Ledgin was also author of The Jayhawker (2007, new edition 2013), historical fiction dealing with the 1850s Kansas Border War, and with Bethine Louise of Lee's Summit, MO, coauthor of Sour Notes: A Sally Freberg Mystery (2009). He was a former traffic safety educator (Source, records of the National Safety Council, Inc.) and was a nationally recognized speaker on autism topics for Future Horizons, Inc. (publisher and conference sponsor, Arlington, TX, Wayne Gilpin, President). He was a speaker as well on local history subjects.

He was a 1950 graduate of Rutgers University, New Brunswick, New Jersey, where he served as editor-in-chief of The Targum, campus newspaper. He editorialized for the overturning of loyalty oaths for R.O.T.C. cadets (the oaths were quickly suspended by order of the Commanding General, First Army HQ., Governor's Island) and for desegregation of fraternities. To set an example in the latter effort, in his junior year he joined Omega Psi Phi, a predominantly African-American fraternity. (Source, Rutgers Alumni Association and Rutgersensia files of The Targum).

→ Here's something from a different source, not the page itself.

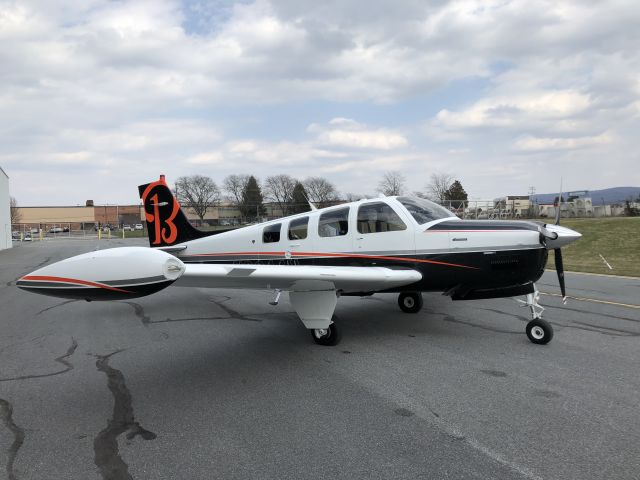 Beechcraft Bonanza (36) (N8044U)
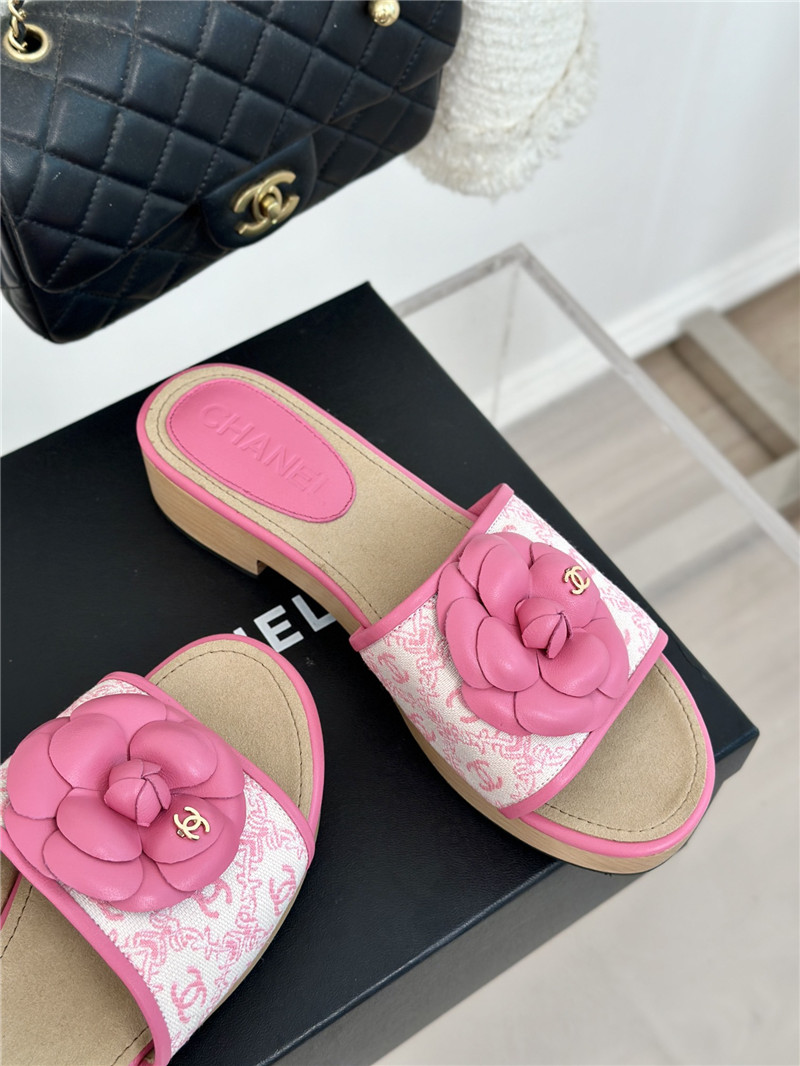 Ch**el platform camellia women’s slippers rose red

In 1952 he earned a Master of Arts degree in political science from Rutgers. (Source, graduate records, Rutgers University, New Brunswick, NJ)

In 1951 Ledgin was condemned publicly by the (U.S. Congress) House Un-American Activities Committee for serving as a U.S. sponsor of the Stockholm Peace Appeal, which opposed development, stockpiling, and use of nuclear weapons by the U.S. and U.S.S.R. He contends that his early stands against the arms race and against racial segregation resulted in his being blacklisted in the newspaper profession (primarily a result of publication of House Report 378, 82nd Congress, 1st Session, April 1, 1951--"Report on the Communist 'Peace' Offensive"). (Source, House Report 378, 82nd Congress)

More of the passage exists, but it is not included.